After a quarter of growth, both the model and ecosystem have reached new heights.
Looking back, the piece I wrote last September, Everyone Can Code: Vibe Coding and Problem Scale, remains accurate.
Of course, during these three months, I’ve been even more into vibe coding than before. Now, let’s talk about some new insights.
No Silver Bullet
Most problems don’t have a standard solution—software engineering is all about trade-offs.
AI already possesses the domain knowledge needed for making decisions, but it still can’t make decisions for you. Even if every relevant factor is fed into its context, not everything can be quantified (and AI doesn’t necessarily help quantify them correctly).
However, AI can offer options and explain their rationale, making decision-making much easier.
The Doom of Junior Engineers
Pure junior programmers will become like textile workers—meaning they’ll no longer exist in the future.
You might ask, if there are no junior engineers, how does one grow into a senior? Don’t worry; we won’t need senior programmers either. Just as modern textile factories don’t need senior textile workers, their engineers didn’t come from sewing lines.
Although junior programmers will disappear, a new paradigm will emerge. Those who can master it will still be in demand. The core skill will shift from translating requirements into code to defining acceptance criteria and deep problem correction.
Of course, a factory won’t have many senior technicians—certainly not as many as the former textile workers.
A Heavy Sword Has No Edge; True Skill Appears Effortless
After using Codex (gpt‑5.2‑high, without the ‑codex suffix) and Claude Code (Opus 4.5) side by side, I found that a truly strong base model stands out.
Even though Claude Code crushes Codex in features and experience, Codex manages to catch bugs that Claude Code misses, and it often spots root causes that Claude Code overlooks.
In a duel where both models review the same piece of code, Codex almost always finds flaws in Claude Code’s review, while Claude Code gives Codex’s review a flawless pass.
It’s the same in daily development—Claude Code tends to be lazy and superficial, while Codex thinks several layers deeper.
The only three drawbacks of Codex: too slow, poor front‑end/UI domain knowledge, and bad aesthetics.
Debugging Becomes Interrogation
When code grows complex enough—and is AI‑generated—I often treat Codex like a suspect. As I review diffs, I ask: “Are you sure you handled concurrency here?” / “What happens if the API returns null?” / “Explain why you used this library instead of that one.”
And so, I’ve shifted from mechanic to prosecutor.
Rather than fixing issues directly, I now press the AI through intense logical questioning, forcing it to expose gaps in reasoning. Perhaps that’s why slow‑thinking models like Codex are irreplaceable in reviews—they can withstand interrogation better.
Beyond Coding
Ever since Claude Code was released, I’ve used it for tasks like organizing computer files—reading PDF contents, then batch‑renaming files based on what’s inside.
It felt a bit like a low‑budget Jarvis 😄 after all, this world too is a kind of runtime.
Later, I realized that Anthropic’s Agent SDK depends on Claude Code as its runtime. Is that paradoxical? Not necessarily.
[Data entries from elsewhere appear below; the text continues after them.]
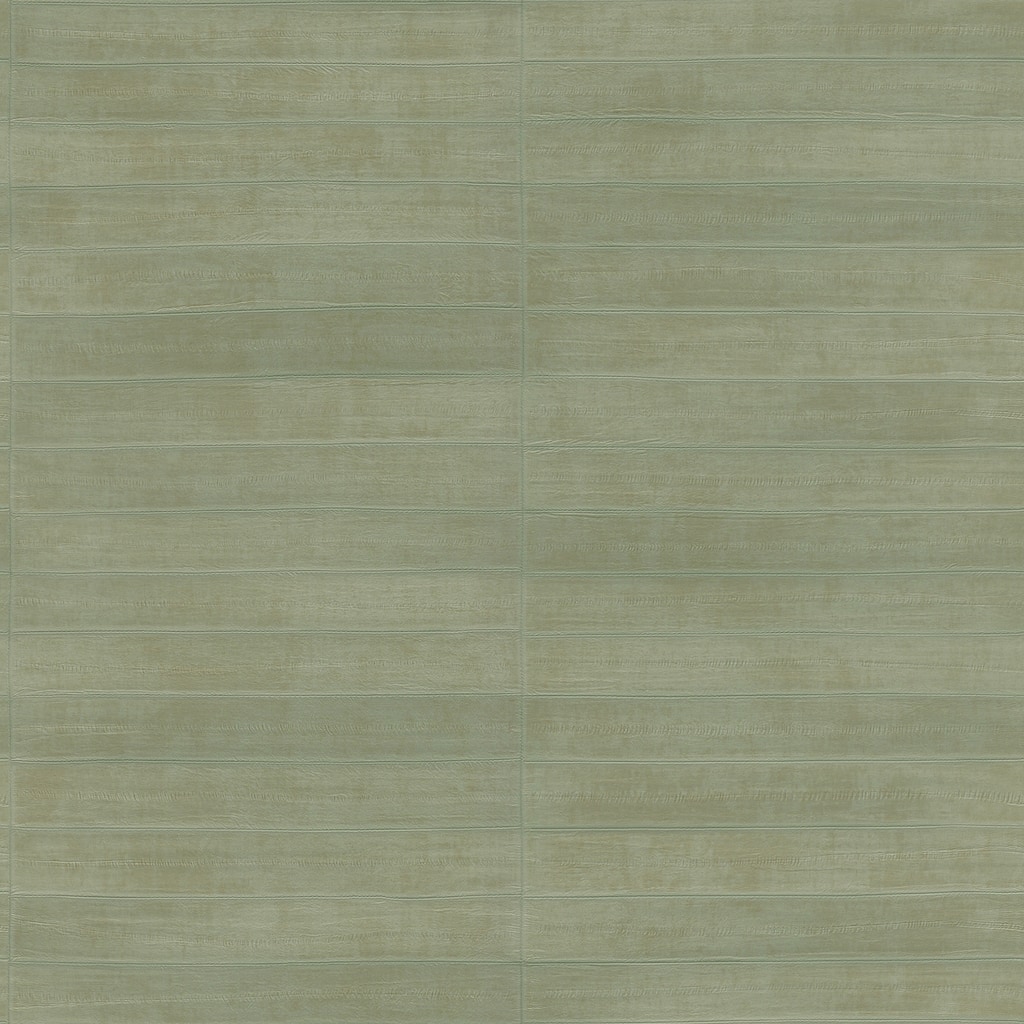 Advantage Dermot Light Green Horizontal Stripe Wallpaper
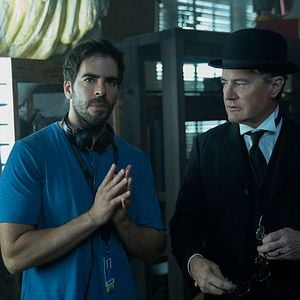 Foto La casa con un reloj en sus paredes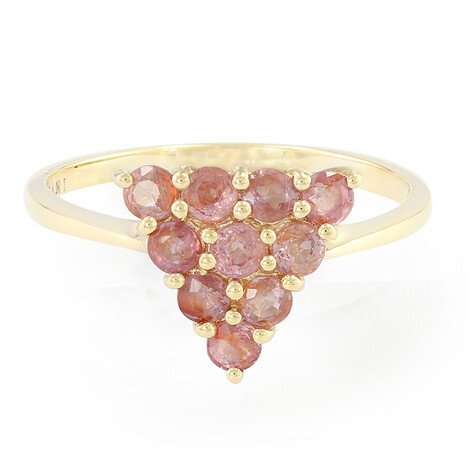 Bague en or et Saphir Padparadscha non chauffé (AMAYANI)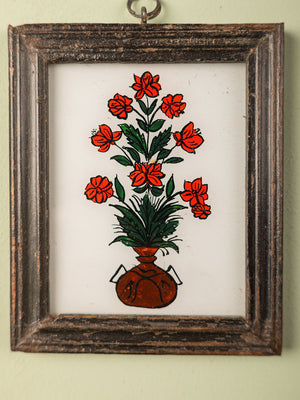 framed painting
So I suspect that the Coding Agent might actually be the early form of a General Agent, already validated by Anthropic—and worth exploring:
Code will shift from being a product of human logic to becoming middleware that controls the world.
We’ll no longer write programs for computers to execute, but write requirements for AI to generate code that acts upon the world.
AI‑Oriented vs Human‑Oriented
Now that Agents are first‑class citizens, the endpoint of software delivery is no longer just the human user—it’s also the agent user.
Previously, product managers cared about polished UI and smooth interaction. But those design choices—made to reduce human cognitive load—are now obstacles for Agents.
After all, when your user is an AI that can process tens of thousands of tokens per second, it doesn’t need CSS; it needs precise JSON and deterministic logic.
We may soon need a whole range of services for Agents.